Role of Government and Stakeholders
These early trials demonstrate the power of natural farming with its emphasis on low costs and self-sufficiency as an agricultural strategy; natural farming could become an invaluable asset to India agriculture over time.
The NGO has also developed a rooftop water harvesting technique, using naturally filtered rainwater for drinking, domestic uses and to recharge borewells and groundwater levels – helping hundreds of families in Bundelkhand increase their incomes while living more sustainably.
Organisation is working on revitalizing traditional water bodies in villages. So far, its efforts have resulted in deepening eight tanks and helping communities reclaim the benefits associated with traditional water sources, including reduced transport needs from distant sources and employment opportunities for local women. Furthermore, this work helps preserve biodiversity while protecting ecosystem services – increasing farmers’ access to low cost water solutions.
Monitoring and Evaluation Mechanisms
BIWAL works closely with local farmers to promote natural farming practices and increase incomes through low cost technology based on improving utilization of free local resources such as cow dung and urine, soil and water management techniques and natural inputs such as cow dung. Farmers have increased output on their land three to four times using these natural inputs.
India has seen vaccination programs help to lower FMD outbreaks, yet their exact impact has yet to be understood fully. To fully comprehend how vaccination works in practice, a comprehensive spatial analysis must be conducted including evaluation of biosecurity measures, movement control systems, and systematic age-stratified surveillance systems.
Rainfed India faces two primary concerns when it comes to crop production and food security: inherent climate variations are expected to reduce yields (Alexandratos & Bruinsma 2012). 350 million people (10% of global population) are undernourished today; as this rising population requires more food, demand will likely increase by 60% (Ten Berge et al. 2019).
Impact and Outcomes
Many global studies examine the effect of land use change on biodiversity or carbon sequestration; however, very few assess both. There is evidence to support reducing land-use intensity as having positive trade-offs for both goals.

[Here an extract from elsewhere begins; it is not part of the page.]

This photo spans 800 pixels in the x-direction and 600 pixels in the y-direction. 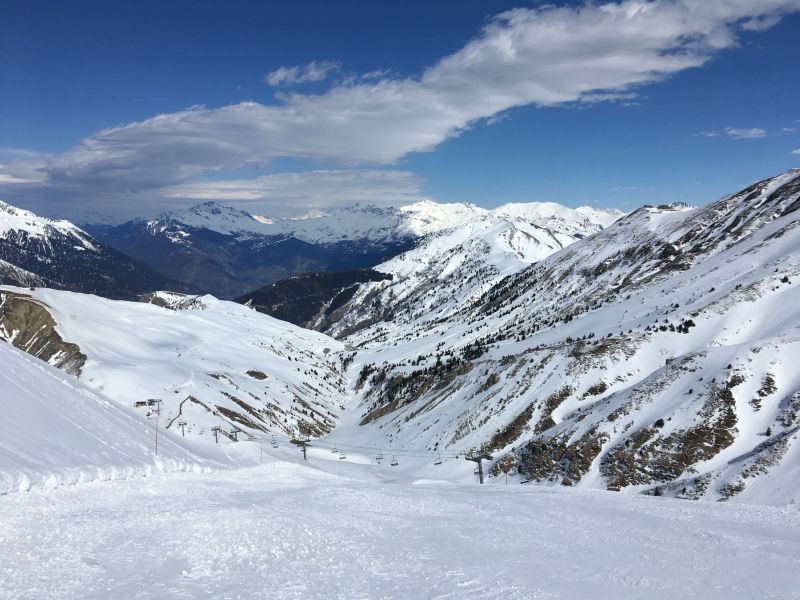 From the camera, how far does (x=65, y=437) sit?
1055 inches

Example: Farmers in Hamirpur district of Uttar Pradesh have witnessed an exponentially higher milk production and sales. Ghee and paneer products which are consumed during summer have also experienced greater sales due to safer transportation methods. Furthermore, more villagers are visiting local hospitals due to safer travel.

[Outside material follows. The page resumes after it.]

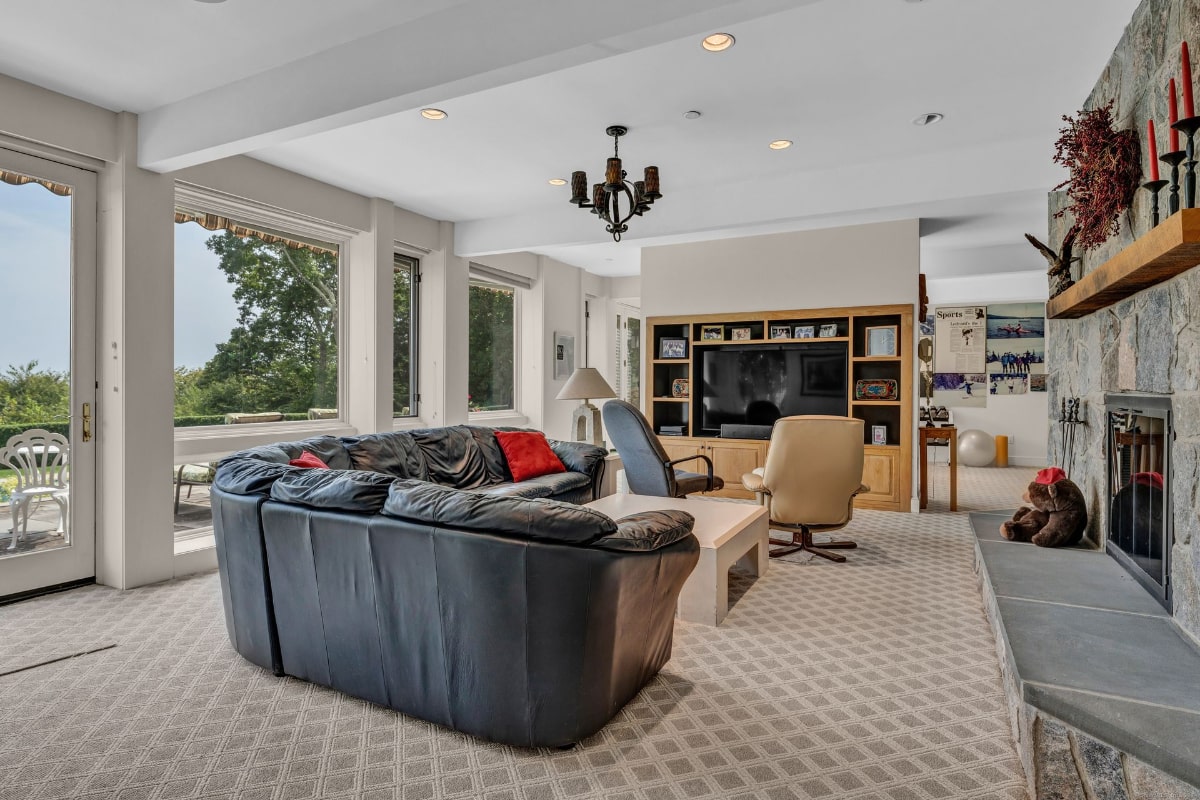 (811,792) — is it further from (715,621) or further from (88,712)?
(88,712)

Revitalizing traditional water bodies has been one of the key results of the BIWAL program. Reviving these tanks has spurred on innovative practices in agriculture and livelihoods; for instance in Chhitarwara village Arvind and his fellow farmers have utilized the BIWAL model to expand their natural farming abilities by using low-cost technologies; using this model they have tripled productivity on their farm while harvesting more vegetables such as watermelons.